The panel's recommendations also emphasize that the primary care provider has a responsibility to assess available support systems, assure appropriate integration into the health care system and provide early diagnosis, immunizations, preventive therapies for opportunistic infections and treatment.

Treatment of HIV infection and disease requires all the skills of the primary care physician," says Merle A. Sande, M.D., chair of the panel and chief of the medical services at San Francisco General Hospital. "Management of overall health status, counseling to reduce risk behaviors, provision of psychosocial support, assessment of quality-of-life issues and prevention of opportunistic infections all are in the domain of the clinician-patient relationship.

The HIV epidemic reminds practitioners that the finest expression of medicine lies in the optimal blend of science and the art of patient care."

In particular, the panel notes, available antiretroviral nucleoside therapies -- drugs like AZT, ddI and ddC -- have a role in the treatment of HIV infection, but the benefits are unfortunately limited.

"Early intervention for HIV disease does not necessarily imply early drug treatment, and physicians need to integrate up-to-date scientific knowledge with other relevant needs to improve patient care," Dr. Sande and the panel write.

During the conference, 14 published research studies were presented to and discussed with the panel by more than 30 investigators and clinicians involved in HIV research worldwide as well as members of the HIV-infected community and the public.
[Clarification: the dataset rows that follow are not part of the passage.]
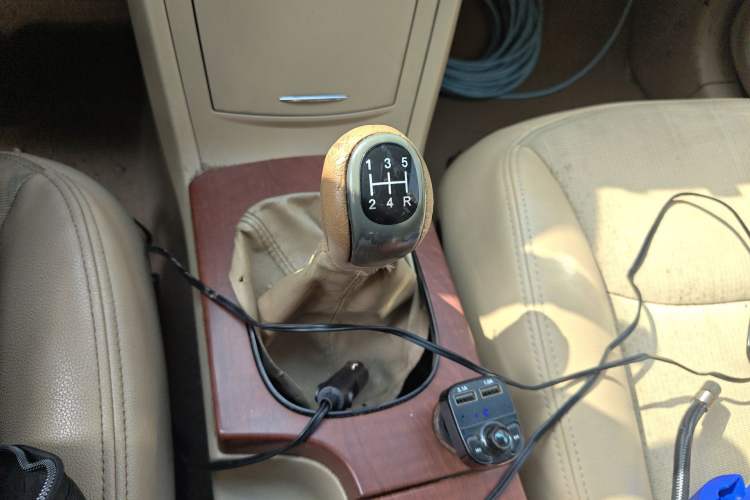 Used Roewe 350 2013 350C 1.5L Manual Swift Edition Gear Lever
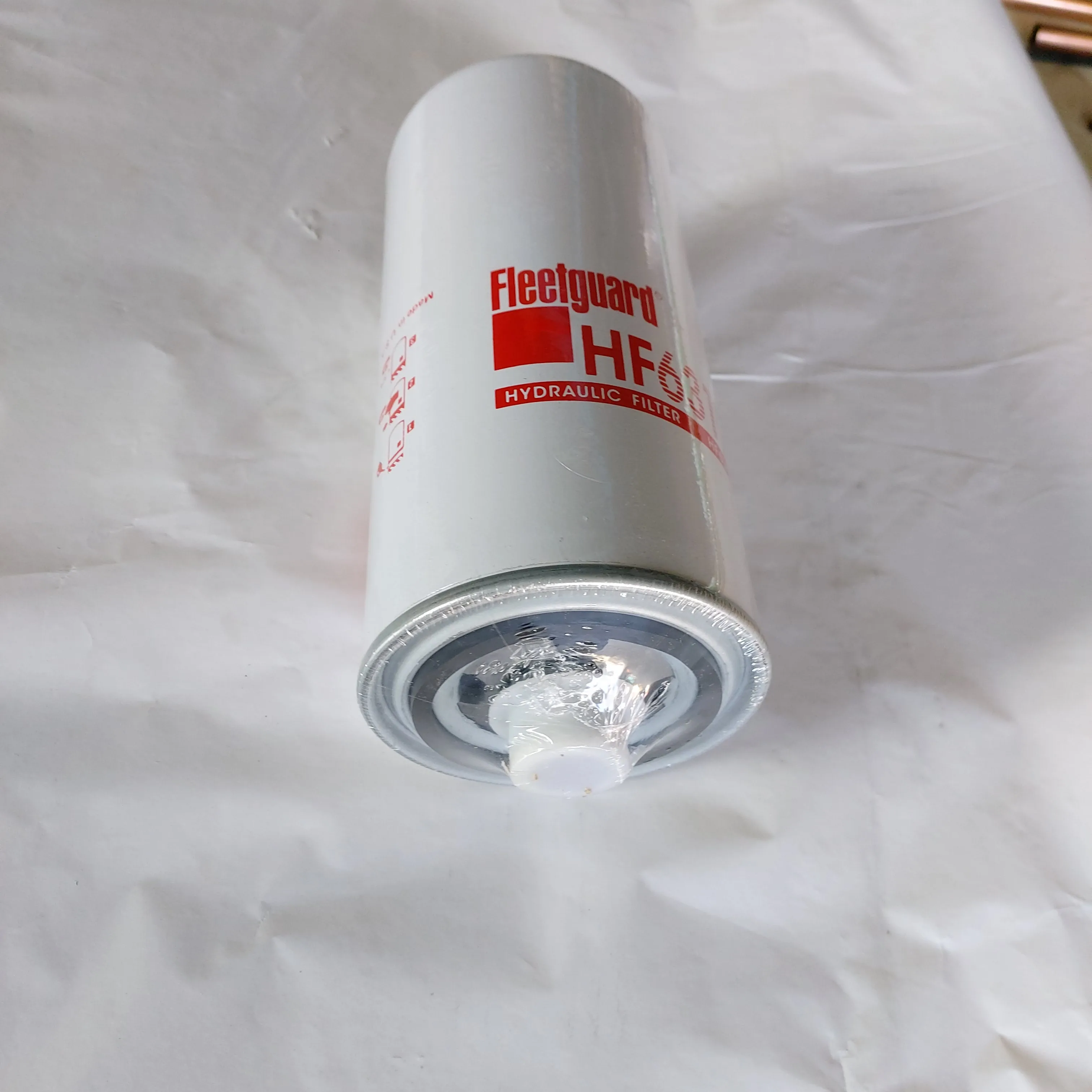 VG1560080012 Original SINOTRUK HOWO 371HP Engine Part Fuel Filter WK962/7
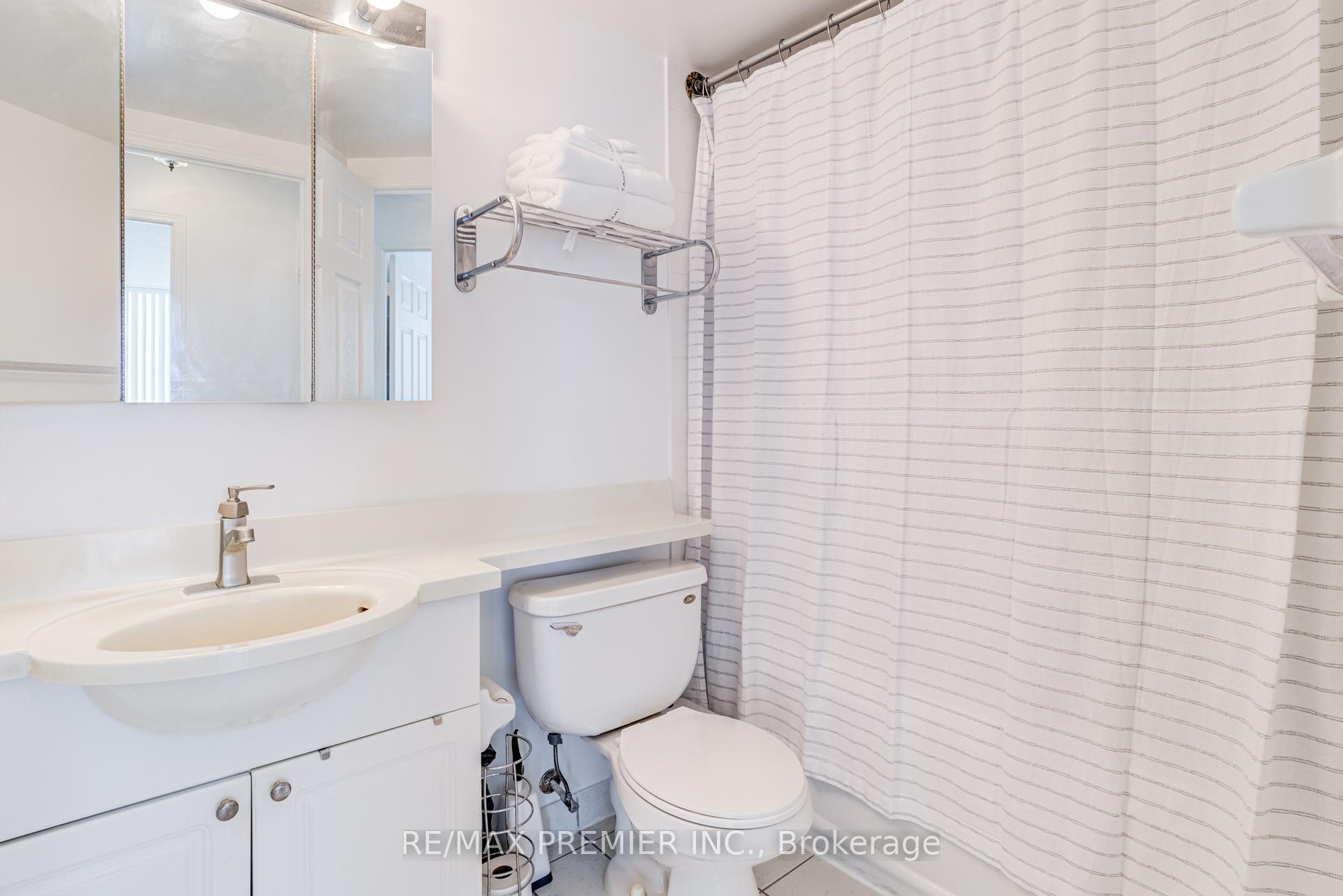 Photo 22 of Unit PH06, 15 Michael Power Place, Etobicoke, Islington-City Centre West — HOMEH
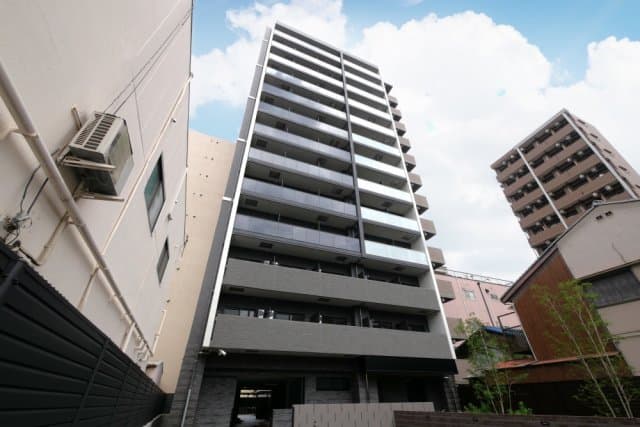 Main exterior of Lejule Ash Urban Ill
The 14 studies considered by the panel include: AIDS Clinical Trials group (ACTG) trials 016, 019, 114, 116A, 116B/117, 118 and 155; the Terry Beirn Community Programs for Clinical Research on AIDS (CPCRA) 002; the Concorde Study; the Veterans Administration Study; Burroughs Wellcome Study 020; the Alpha Trial; the Bristol Myers Squibb Trial A1454-010 and several unpublished studies. Additionally, scientific presentations centered on HIV's resistance to drugs, how different strains of HIV influence the course of disease and markers of disease progression. ACTG and CPCRA are among NIAID's clinical trial networks.
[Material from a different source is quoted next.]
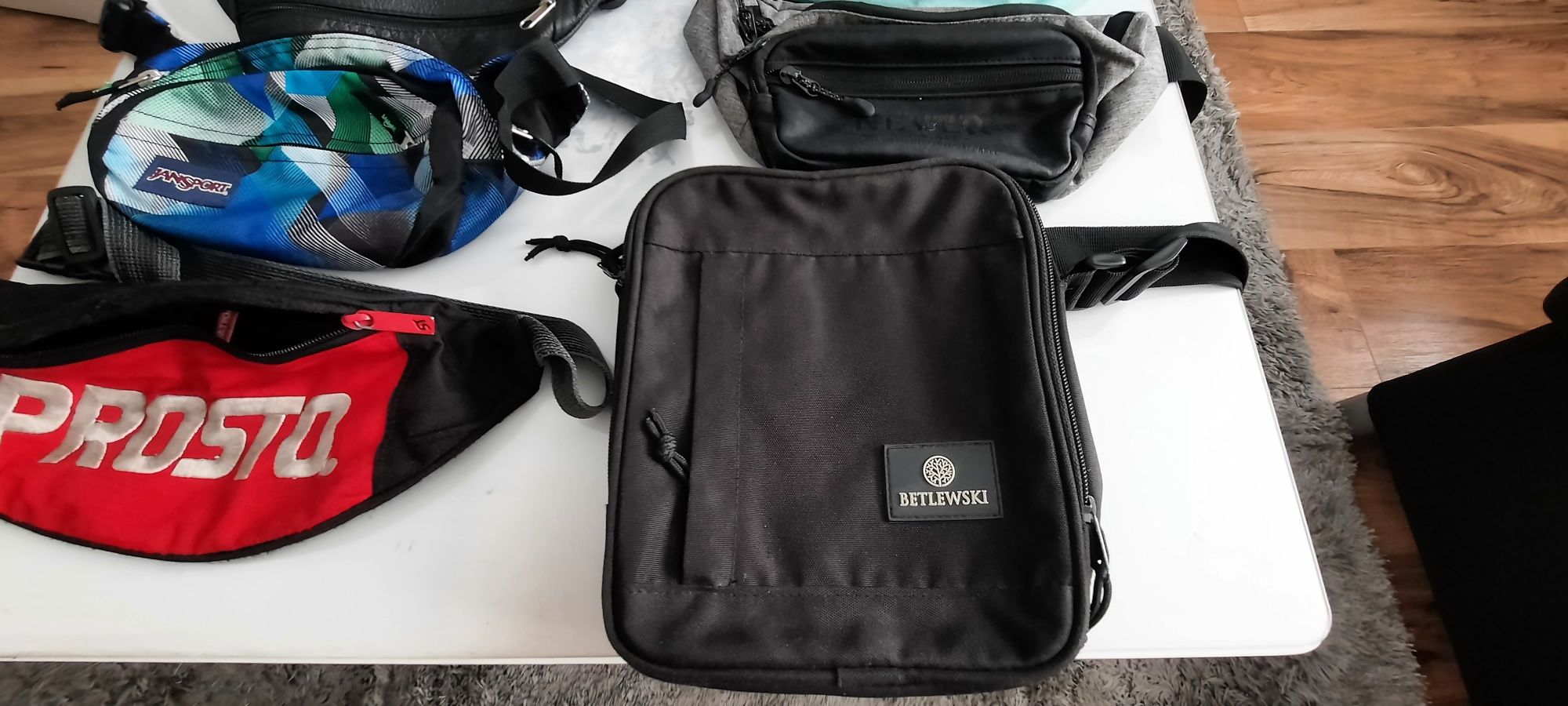 Nerki Saszetka Betlewski Prosto JanSport Reserved cena za komplet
The panelists included 18 physicians, investigators, statisticians and people living with HIV infection. In addition to Dr. Sande, the panel members were Charles Carpenter, M.D., Brown University, Providence, R.I.; C. Glenn Cobbs, M.D., VA Medical Center, Birmingham, Ala.; Robert W. Coombs, M.D., Ph.D., University of Washington, Seattle; Thomas R. Fleming, Ph.D., University of Washington, Seattle; Mitchell H. Gail, M.D., Ph.D., National Cancer Institute, Bethesda, Md.; Wayne L. Greaves, M.D., Howard University, Washington, D.C.; Martin S. Hirsch, M.D., Harvard University Medical School, Boston, Mass.; King K. Holmes, M.D., Ph.D., University of Washington, Seattle; Roberta Luskin-Hawk, M.D., Saint Joseph's Hospital, Chicago, Ill.; Donna Mildvan, M.D., Beth Israel Medical Center, New York, N.Y.; Charles Nelson, Morehouse School of Medicine, Atlanta, Ga.; John P. Phair, M.D., Northwestern University, Chicago, Ill.; Jay Sanford, M.D., Antimicrobial, Inc., Dallas, Texas; R. Gabriel Torres, M.D., St. Vincents Hospital and Medical Center, New York, N.Y.; Robert Schooley, M.D., University of Colorado Health Sciences Center, Denver; Robert Vasquez, Minority Taskforce on AIDS, New York, N.Y.; and Rebecca Denison, Women Organized to Respond to Life-Threatening Diseases, Oakland, Calif.

Reprints of the recommendations will be available from the AIDS Clinical Trials Information Service at 1-800-TRIALS-A.

NIAID, a component of the National Institutes of Health (NIH), supports investigators and scientific studies at universities, medical schools, hospitals and research institutions in the United States and abroad aimed at preventing, diagnosing and treating such illnesses as AIDS, tuberculosis, allergies and asthma. NIH is an agency of the U.S. Public Health Services, part of the U.S. Department of Health and Human Services.